Dolly Curtis' New York accent is one you may recognize. And the Easton resident had an experience at a recent July 4 fireworks show that confirmed this. "I sat next to these people," the 68-year-old broadcaster said, "and they heard my voice and they went, 'We were just listening to you in the kitchen.' And they go, 'We listen to you every week and we get a lot of ideas for things to do.' "
They were referring to the 20-minute segment she does for WICC 600AM called "Dolly's Quick Take on the Weekend." It airs Fridays just after 6 p.m. Dolly says she tries to find inexpensive things for families to do in these tough economic times.
Dolly has had more careers in one life than most people could have in several, and being in radio is her latest occupational passion.
Three years ago, she started a show called "Back Stage Buzz" with set and lighting designer Leo Meyer. It airs on Sundays at 10 p.m. on WPKN (89.5FM).
Though she doesn't have a theater background, she loves going to plays and is active in the theater community. She goes to two to three shows a week with Leo and does commentary on performances and people for her radio audience.

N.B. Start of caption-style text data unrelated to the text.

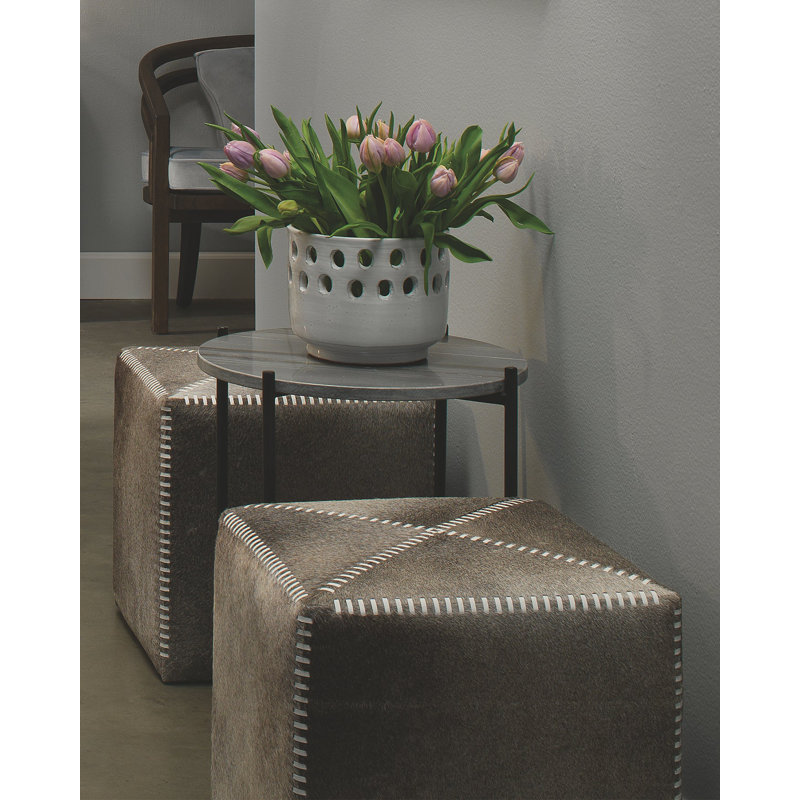 Repose-pieds Gillian, Cuir gris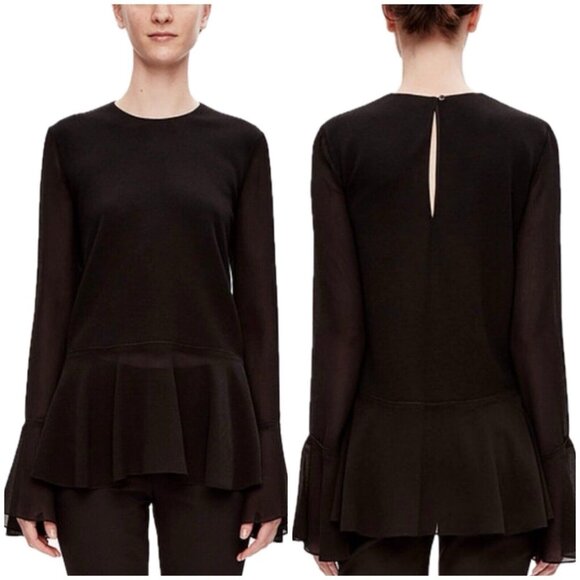 Theory Lexanda C Idol Bell-Sleeve Peplum Blouse Top Wool Silk  Black Small NWOT - Picture 1 of 10
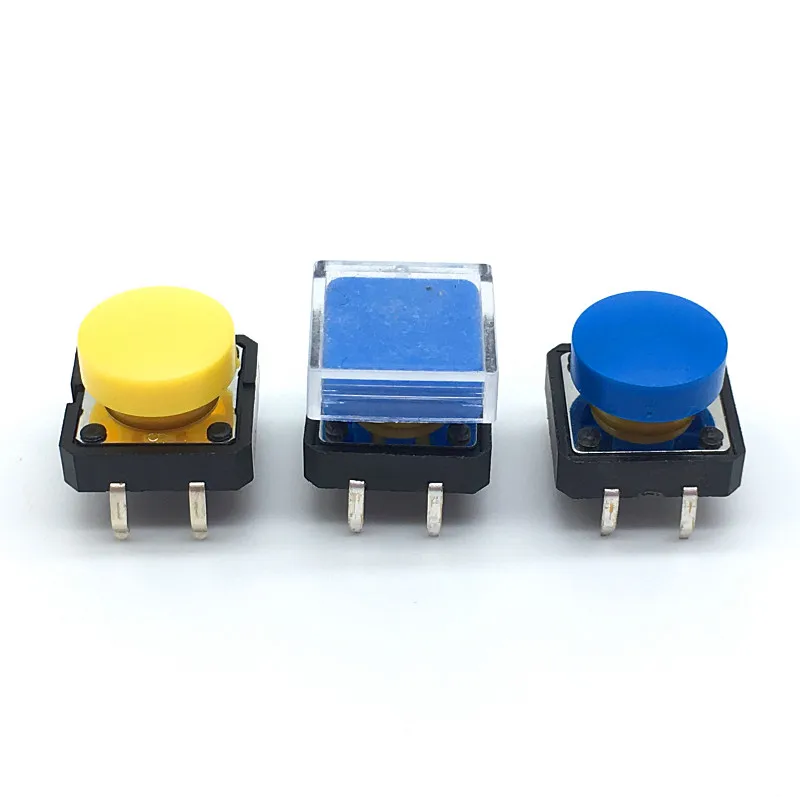 20pcs 12*12*7.3mm 4pin Tactile Tact Push Button Switch 12x12x7.3mm B3F-4055 Momentary Micro Switch Yellow button With Knob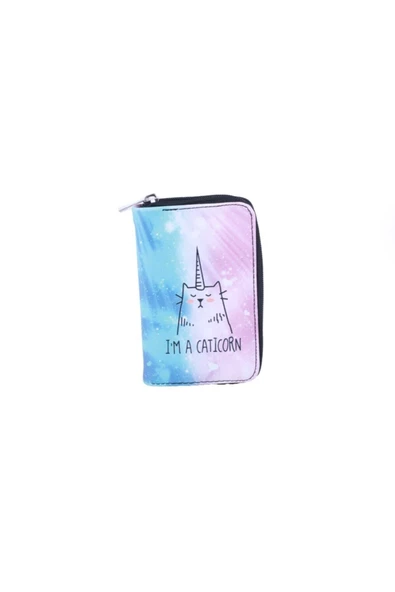 Pazariz Kadın Mor Mavi Kedi Cüzdan Kartlık ürün görseli 1
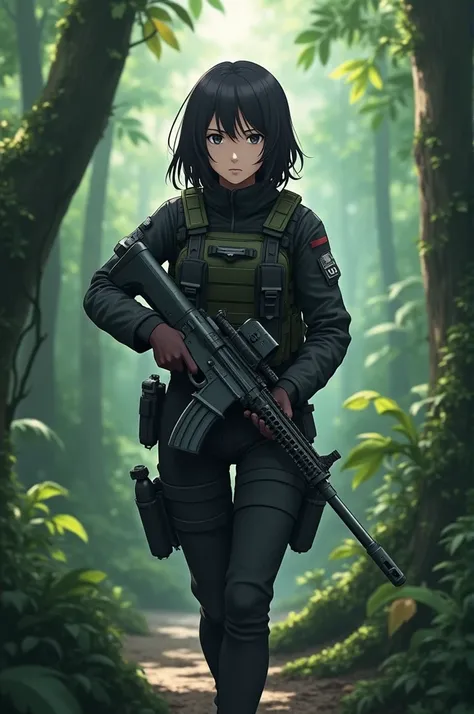 A dark hair realistic Anime soldier girl looking ready to kill, caring a machinegun and usin a black military combat uniform while walking in a jungle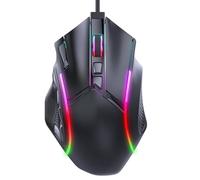 Yanmis Souris de Jeu RVB, 12 Boutons Programmables, Souris Filaire, 12800 DPI, Conception Ergonomique avec 13 Effets de Lumière, pour Ordinateur Portable PC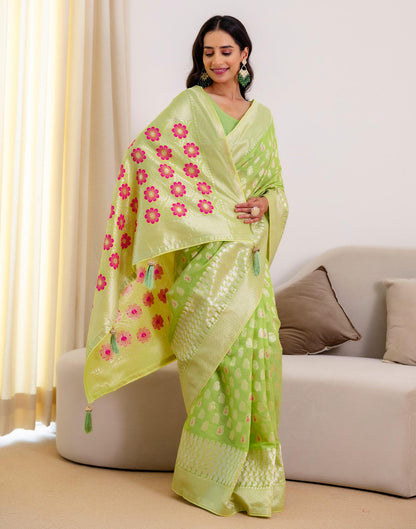 Pista Green Chanderi Woven Saree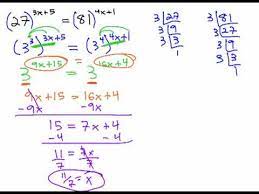 solve exponential equations by finding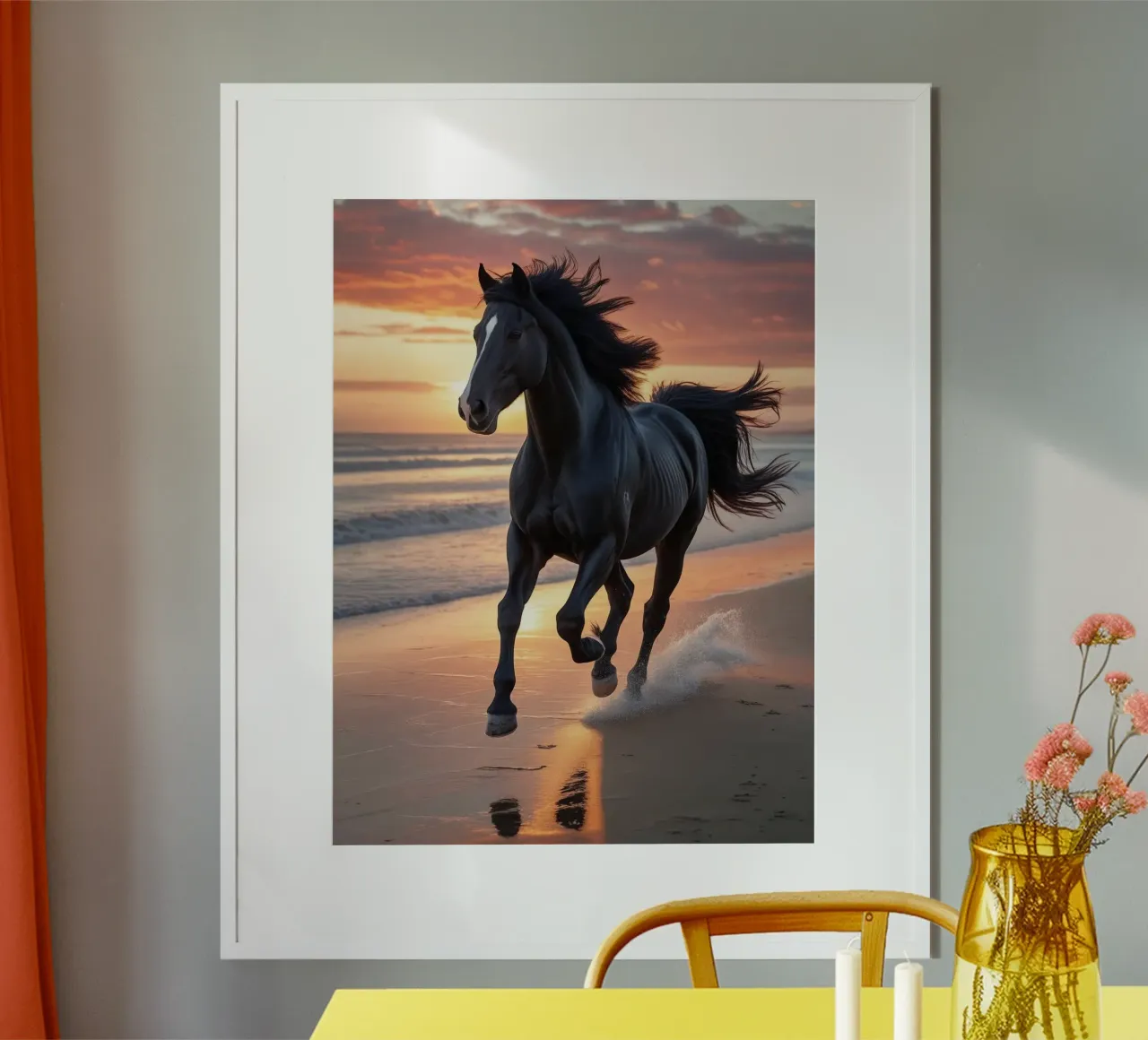 Pferd am Strand carta hahnemühle da Poster Dreams
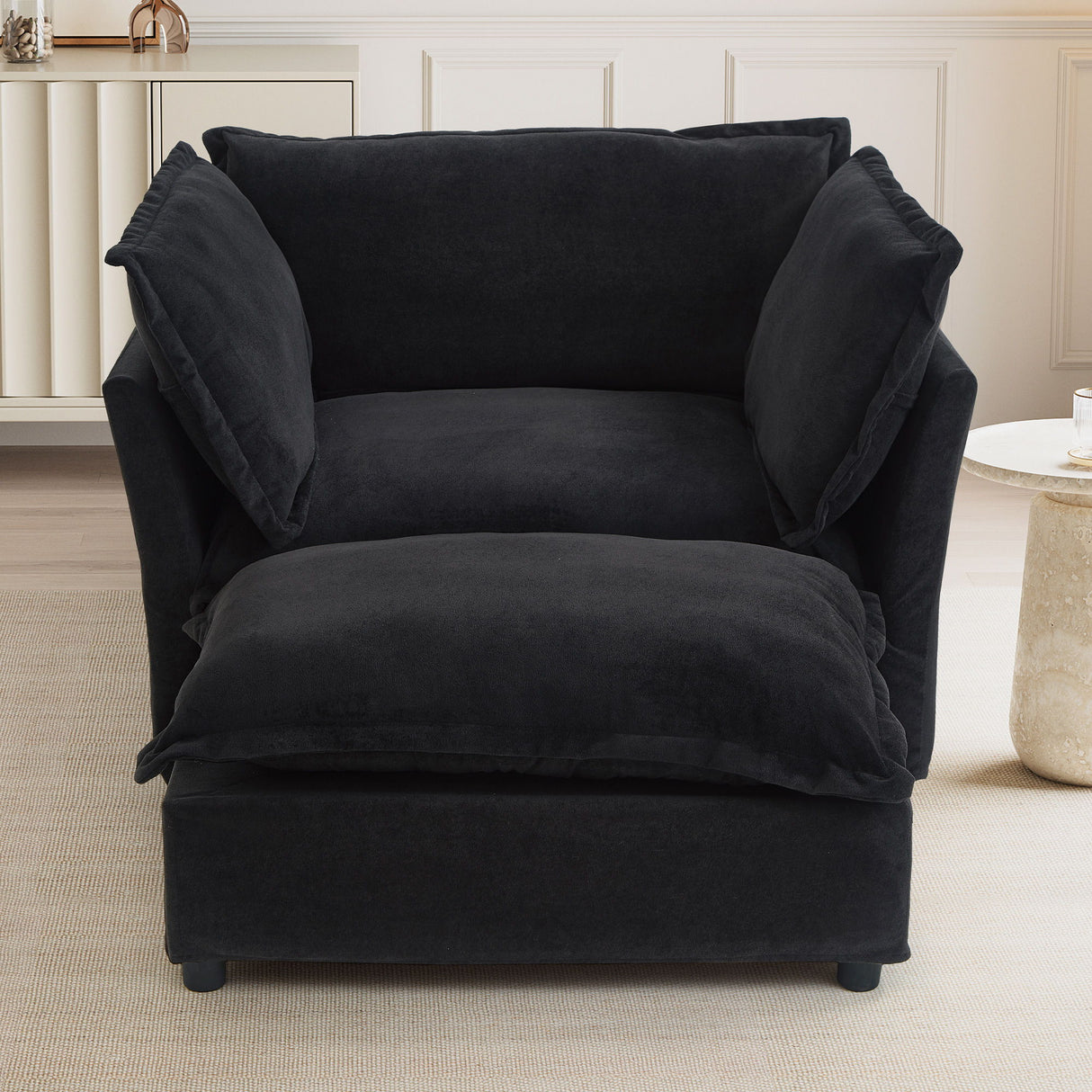 Modern Cozy Upholstered Armchair Sofa With Movable Ottoman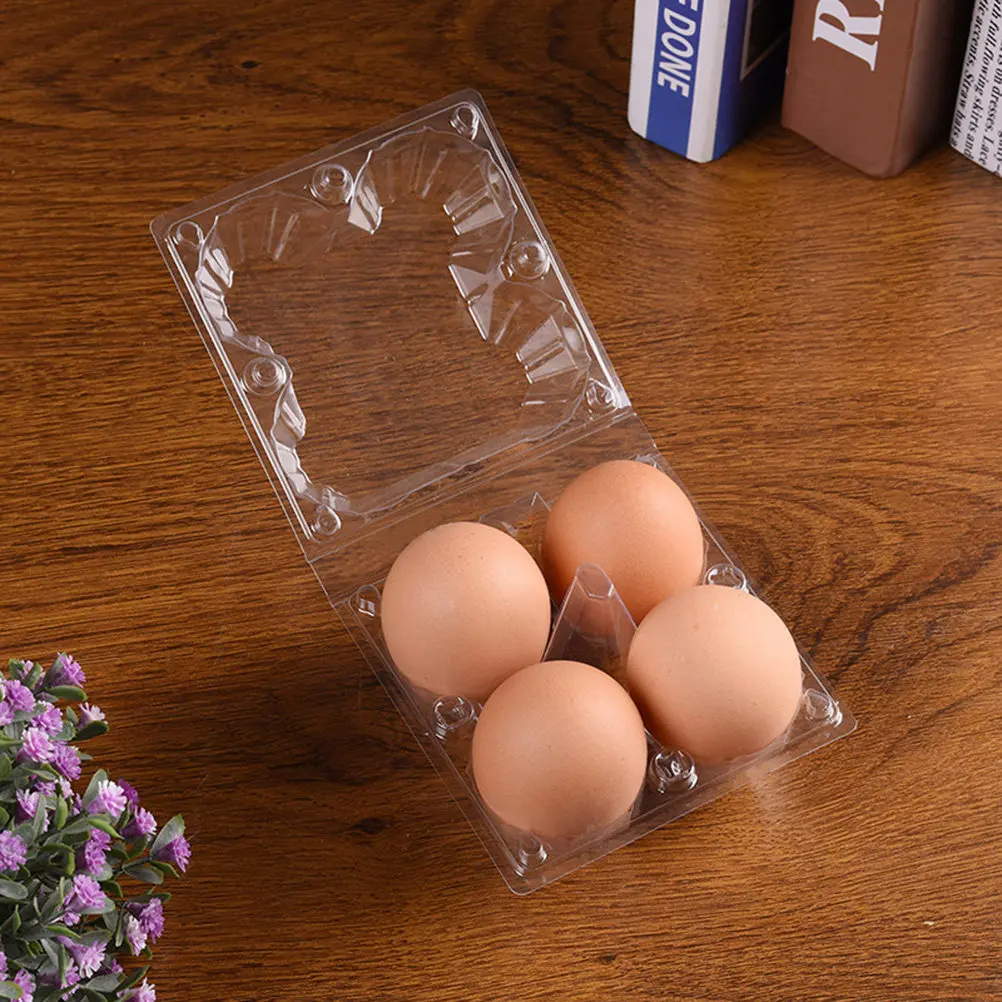 

50Pcs Portable Egg Holder 4 Cell Clear Egg Storage Box Shockproof Design for Fridge Cupboard Outdoor Activity Container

Before moving to Easton 31 years ago so she could have space for a studio and her 35-foot loom, Dolly lived in Norwalk. Her landlord there admired her ability to tell stories for hours and always be entertaining. The landlord was a CBS cameraman and editor of the 11 p.m. news with Walter Cronkite. He and Curtis, 68, worked together for 23 years creating more than 300 "Dolly Curtis Interviews." They ran on the public access channels of six cable networks and featured interesting people throughout the area. And all were done for no pay.
"We tried a couple of shows [at first]. Like with the radio now, it starts to take over. You get good at it and people keep offering you more opportunities." She recently had the shows copied to DVDs to be available at local libraries.
As for all those careers, Dolly has been a social studies and English teacher, professional baton and fire twirler, founder of a twirling and dance school for 400 girls, textile artist, curator of art displays at the Easton Library, television host, Lyme disease advocate, photographer, theater usher and most recently -- radio personality. And the best was saved for last.
Commenting on her on-air work, Dolly exclaimed: "I was born to do this!"